▸ STUDY MATERIAL
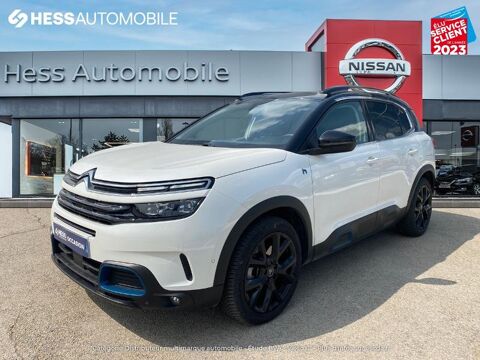 Citroën C5 aircross Hybrid 225ch Shine Pack e-EAT8 2020 occasion Besançon 25000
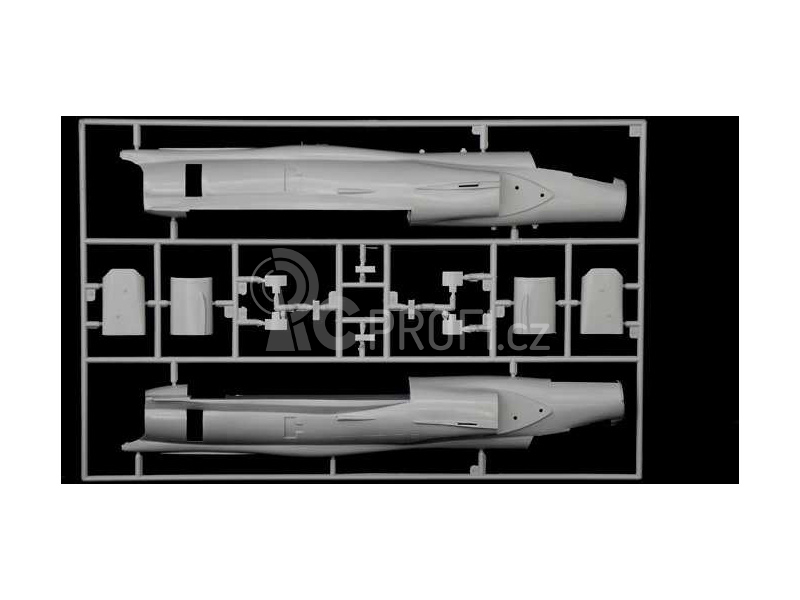 Italeri Saab JA 37/AJ 37 Viggen (1:48)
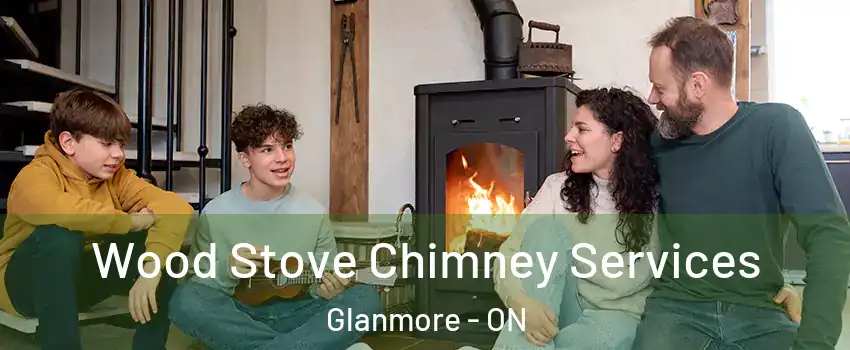  Wood Stove Chimney Services Glanmore - ON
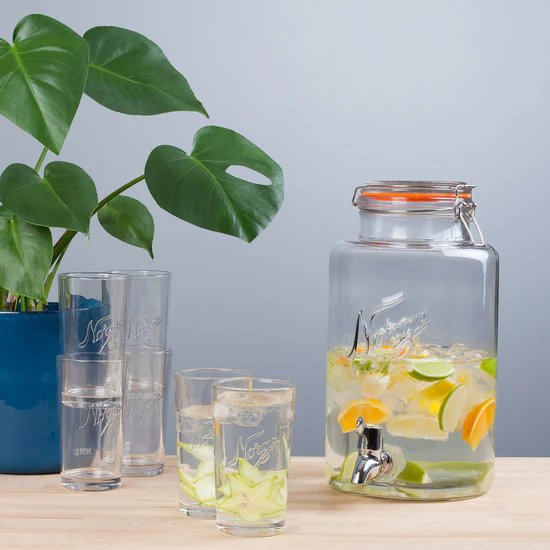 Drikkedispenser 6 L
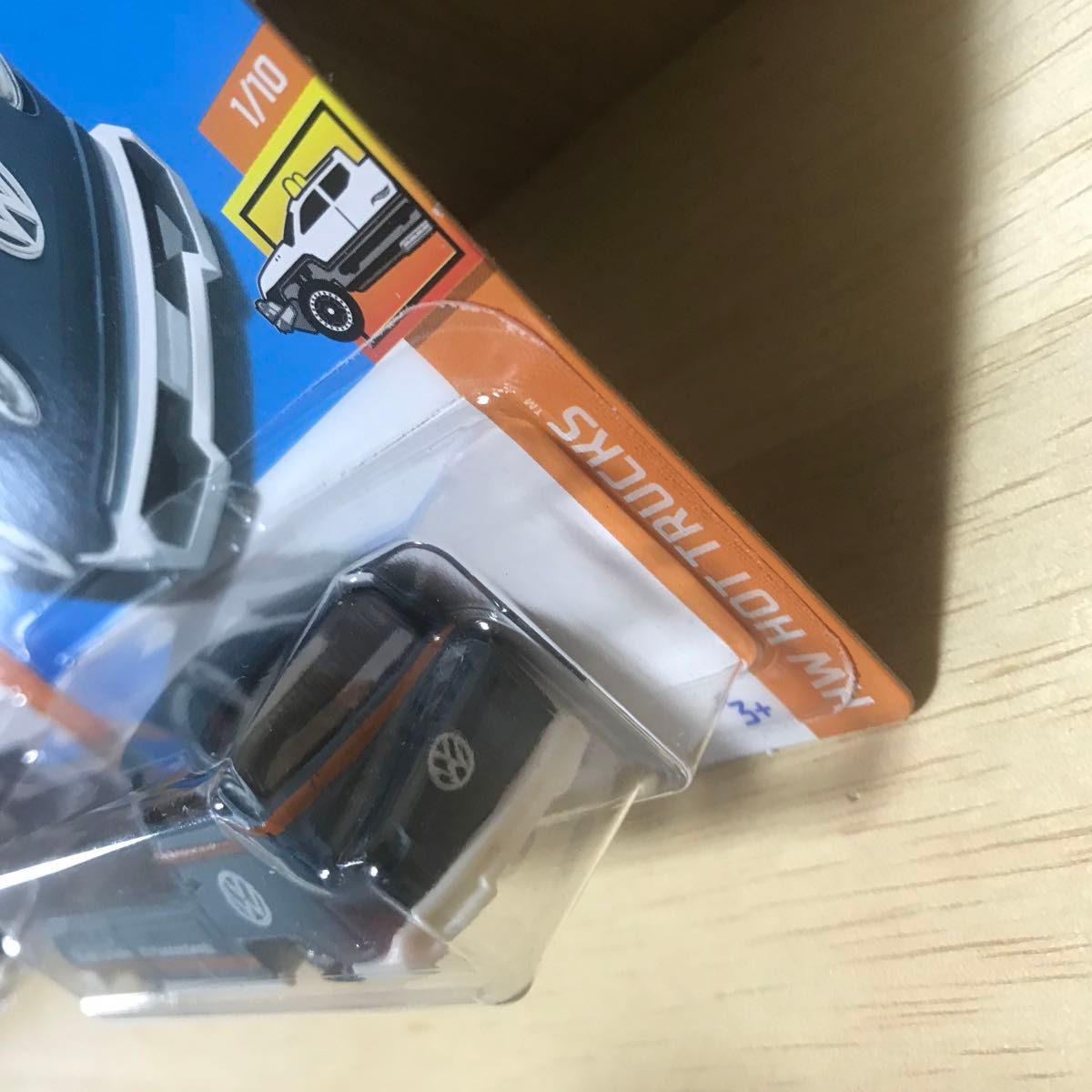 ホットウィール フォルクスワーゲン ピックアップ VOLKSWAGEN Hot Wheels HW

▸ WHAT IS NEEDED
Word for word, copy every line of the data, excluding any pictures.

▸ EXERCISE RESPONSE
 Citroën C5 aircross Hybrid 225ch Shine Pack e-EAT8 2020 occasion Besançon 25000
 Italeri Saab JA 37/AJ 37 Viggen (1:48)
  Wood Stove Chimney Services Glanmore - ON
 Drikkedispenser 6 L
 ホットウィール フォルクスワーゲン ピックアップ VOLKSWAGEN Hot Wheels HW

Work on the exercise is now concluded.